By Kaeun Yu
At Tuesday’s budget hearing of the House Appropriation Subcommittee on Transportation, Housing and Urban Development and Related Agencies, Transportation Secretary Ray Lahood proposed a $556 billion reauthorization for the Department of Transportation budget request for the next six years.
Lahood touted the budget proposal by pointing out the nation’s investment in infrastructure has been inadequate. Lahood added that the $556 billion request would also help the economy by increasing jobs.
“We know how to put people to work,” Lahood told the members of the committee. “We have deteriorating roads and bridges, and we have folks in the neighborhood who need work. What better way to do it?” said Lahood.
According to Lahood, funding the budget is possible through the Highway Trust Fund, which is collected through fuel and other excise taxes, Public-private partnerships and by creating a national infrastructure bank, and allow government grants to leverage loan programs to transportation projects. Tolling or congestion pricing, modeled in London, were discussed as other ways to generate funding.
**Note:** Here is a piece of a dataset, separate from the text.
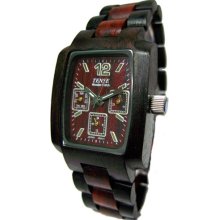 Tense Wood Mens Multifunction Sandal Wood Watch - Wood Bracelet - Wood Dial - J8302DS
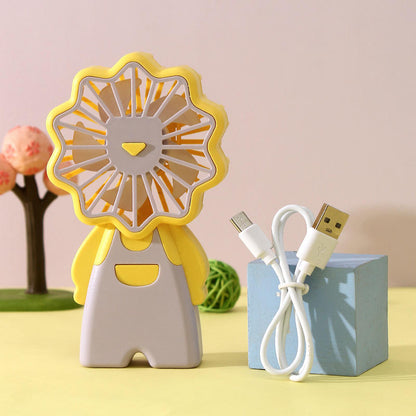 Portable Handheld Mini Fan with Stand – Cute Character Personal Cooling Fan for Travel, Office & Outdoor Use (Pack of 1)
“For too long we have put off the improvements needed to keep pace with today’s transportation needs,” said Lahood in a released statement.
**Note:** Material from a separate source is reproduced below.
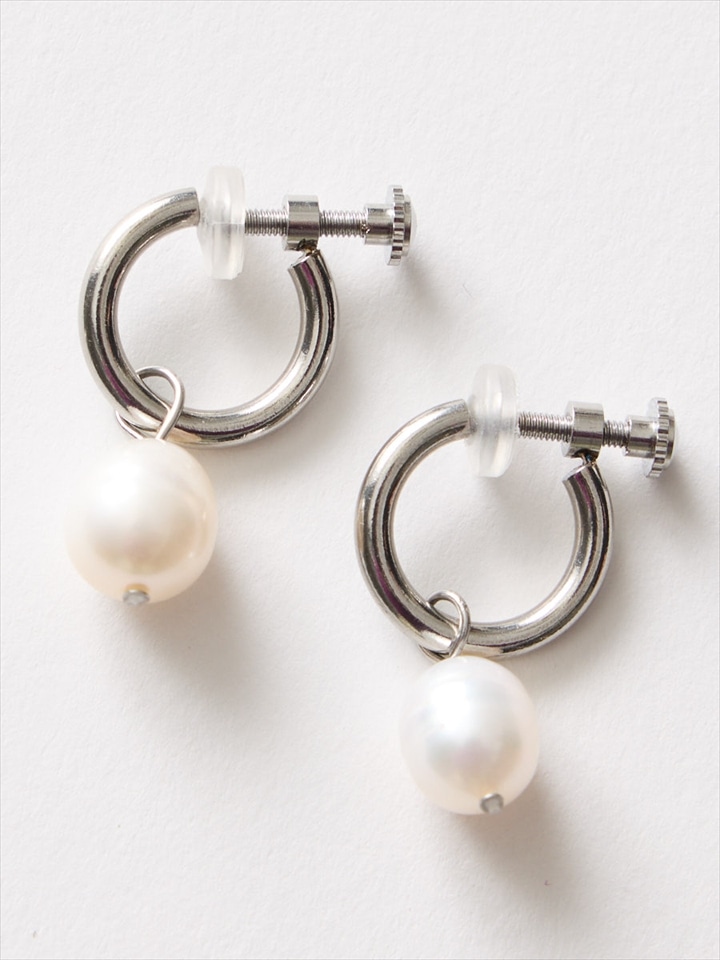 淡水パールフープイヤリング|シルバー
“If we settle for the status quo, our next generation of entrepreneurs will find America’s arteries of commerce impassably clogged and our families and neighbors will fight paralyzing congestion.”
President Obama has currently requested $129 billion for Transportation in FY 2012. As he stressed during the State of the Union, investment in infrastructure is essential to “win the future”.
Chair of the Subcommittee Tom Latham (R-Iowa) pointed that no bill by DOT has been proposed yet and that work with the authorizing committee is needed.